Editor: While it is heartening to see the government sponsoring a recent workshop on Change Management, one wonders why only the “Senior Officers”. For that matter, I question the genuineness and objectives. This appears to have all the marks of routineness to me.{{more}}

For one, the current administration has again and again started so many brilliant “ideas” and soon after a few months actions seem to fade into indifference and inactivity. The Wellness Revolution is just one example. We have nicely sounding words that have yet to be translated in to policies and plans that culminate in full acceptance and incorporation in local households behaviours.

There are few, if any, incentives for producers of healthy and local foods, particularly vegetables. Further prices of healthy foods in general are very high. Imagine, 8 ounces of bottled water is more expensive than a soda of similar size with 8 spoons full of sugar within.

Let’s get back to the subject of change. The present administration has demonstrated the change it is talking about is all short term. Annually we have no idea what is the focus of the administration. Likewise ministries and departments have no idea what their focuses are. Every department is operating like routinely. No semblance of an objective to be achieved.

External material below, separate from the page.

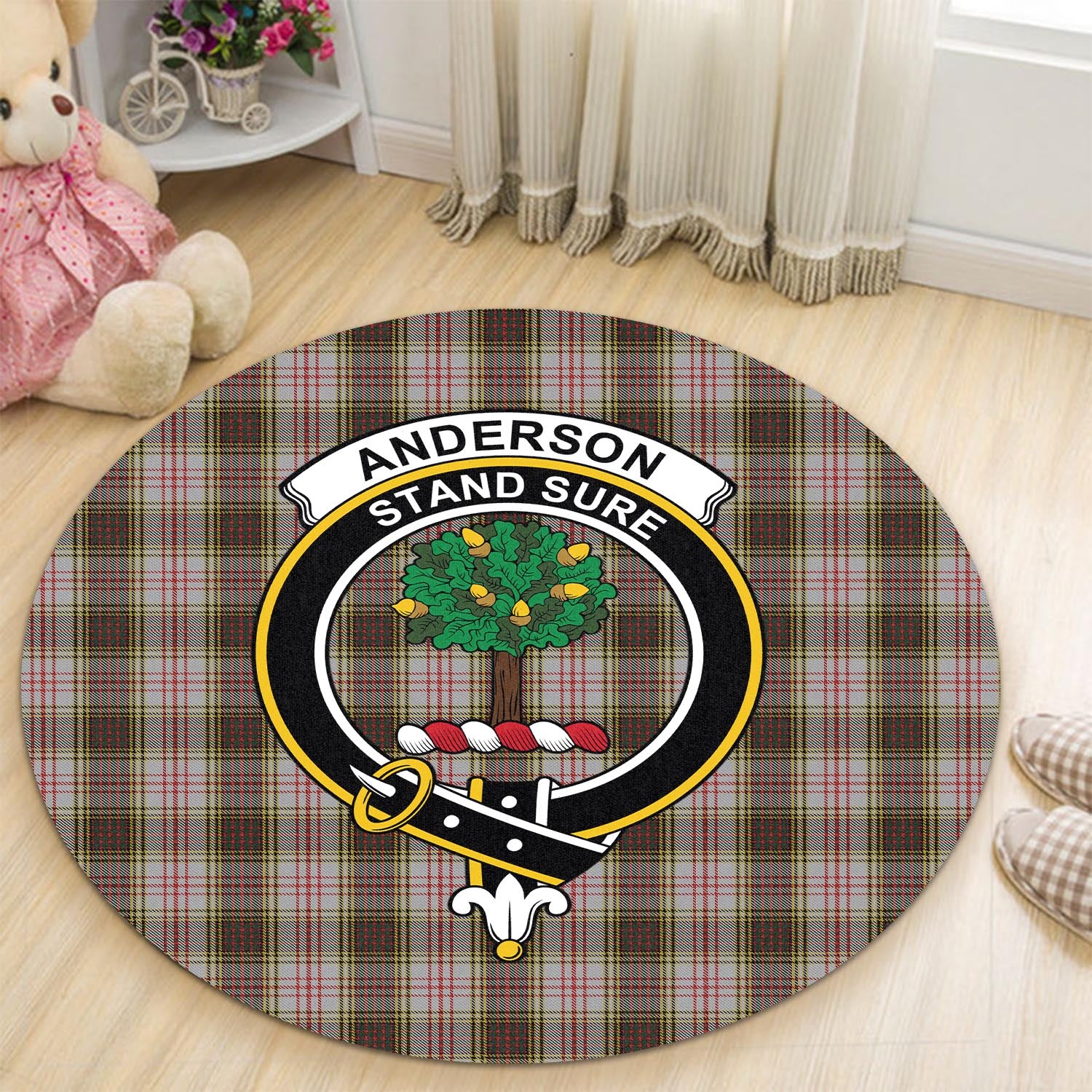 Anderson Dress Tartan Round Rug with Family Crest - Tartanvibesclothing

I have visited several departments and I see vision and mission statements posted prominently. Lo and behold, the junior and senior employees doing their own thing, totally in contradiction of the aforementioned edicts. On occasions I could not tell who is senior because both officers were endulging in the same unproductive behaviour.

My experience has shown me manager after manager has managed the same way as the one before. The culture was one of nepotism and self-interest. I have seen managers requiring junior staff to work “beyond the call of duty” while they do not even want to stay past 4:15 pm on a good day. The change that needs to come to the public service has to begin with the administration. Measurable goals and objectives must be set each year and must be achieved together.

Let me say here that the change also means that senior officers need to understand that they NEED junior officers. Junior officers are not as expendable as some believe, because replacing a junior officer simply begets another junior officer. Change is a team achievement. Change is non-personal. Change has no owner. Change is a process that when started never stops. So all those senior officers who have sat on their staff, hands, laurels and salaries; running government departments as their own personal mauby shops in cohort with other senior ministry officials, they need to realise someday their turn is coming. The change that they will have to manage is their transfer, termination or retirement. It may not be tomorrow, but it’s going to be sooner than you think.

Change has to be taught throughout the service; at all levels from the captain to the cook and bottle-washer. Otherwise, it will be perceived differently and will produce differential results, and the objectives will not be achieved – something like what is happening now.